- [Data for processing]
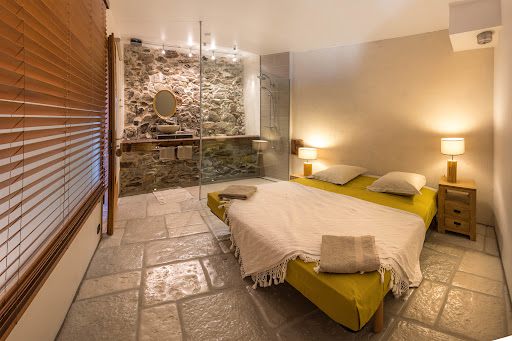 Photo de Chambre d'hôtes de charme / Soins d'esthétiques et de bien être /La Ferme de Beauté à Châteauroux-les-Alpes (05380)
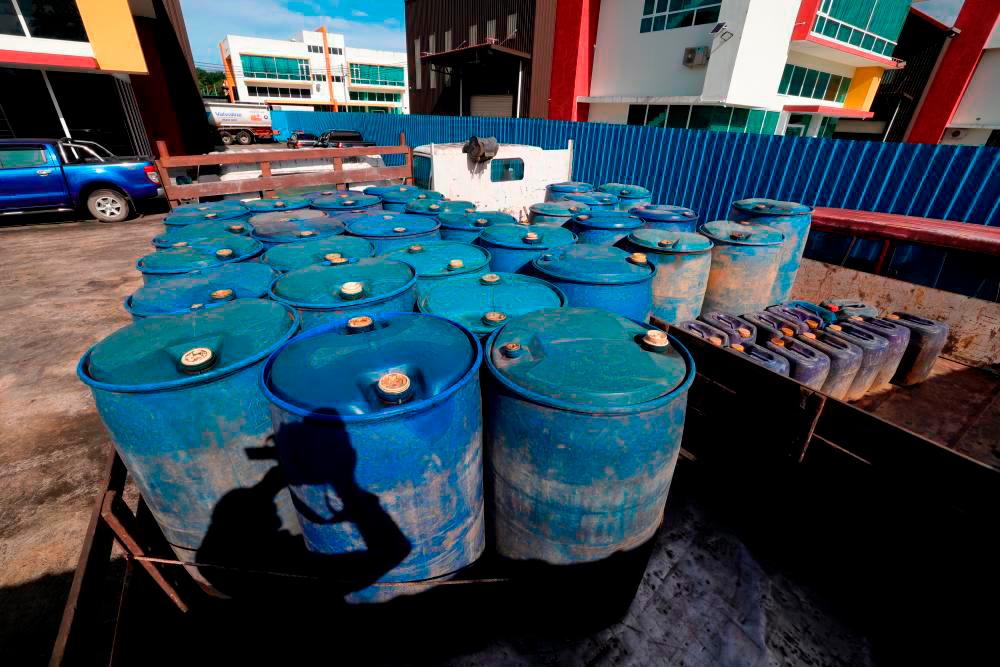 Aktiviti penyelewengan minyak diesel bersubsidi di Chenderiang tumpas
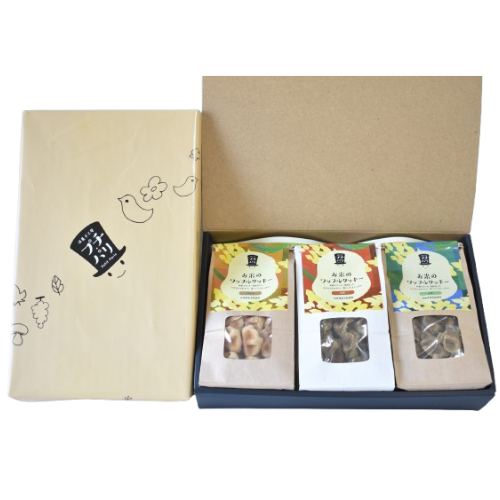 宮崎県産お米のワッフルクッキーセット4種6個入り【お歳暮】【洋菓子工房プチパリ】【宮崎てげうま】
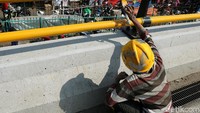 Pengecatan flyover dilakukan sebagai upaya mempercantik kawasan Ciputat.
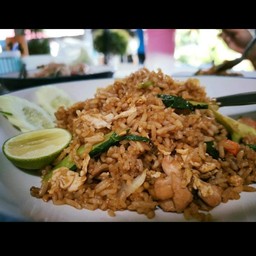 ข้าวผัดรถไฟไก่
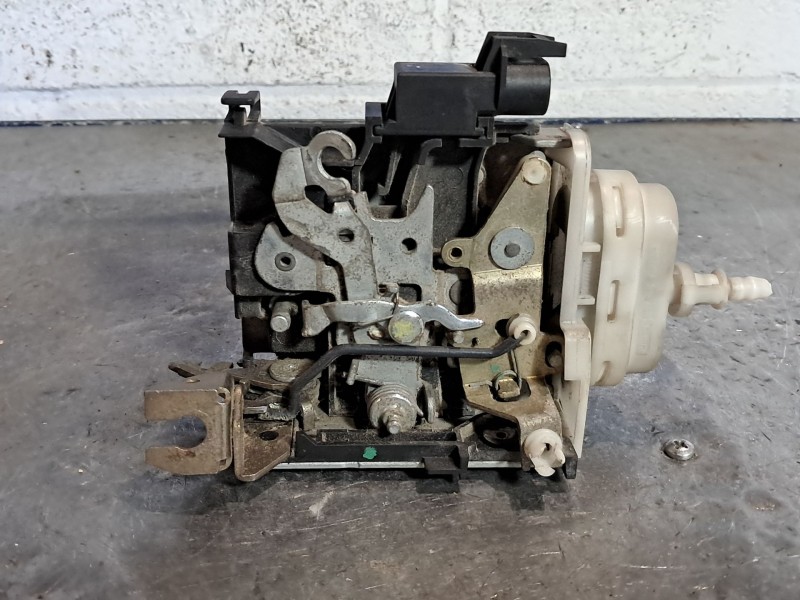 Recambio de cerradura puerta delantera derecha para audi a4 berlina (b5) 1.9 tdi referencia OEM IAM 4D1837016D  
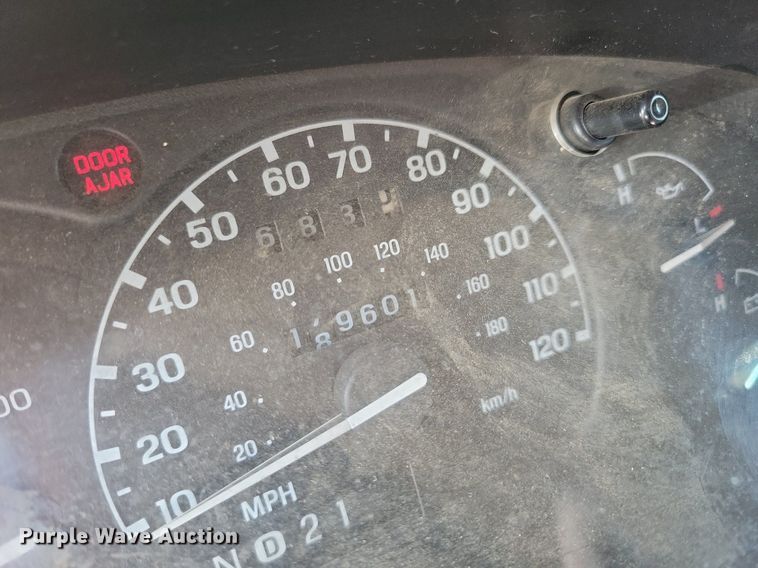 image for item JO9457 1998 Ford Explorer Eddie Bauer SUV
---
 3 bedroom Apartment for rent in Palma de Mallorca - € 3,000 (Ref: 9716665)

- [Problem details]
To complete this exercise, transcribe exactly the lines above from the one that holds "宮崎県産お米のワッフルクッキ" through the one that holds "image for item". Pictures stay out.

- [Task output]
 宮崎県産お米のワッフルクッキーセット4種6個入り【お歳暮】【洋菓子工房プチパリ】【宮崎てげうま】
 Pengecatan flyover dilakukan sebagai upaya mempercantik kawasan Ciputat.
 ข้าวผัดรถไฟไก่
 Recambio de cerradura puerta delantera derecha para audi a4 berlina (b5) 1.9 tdi referencia OEM IAM 4D1837016D  
 image for item JO9457 1998 Ford Explorer Eddie Bauer SUV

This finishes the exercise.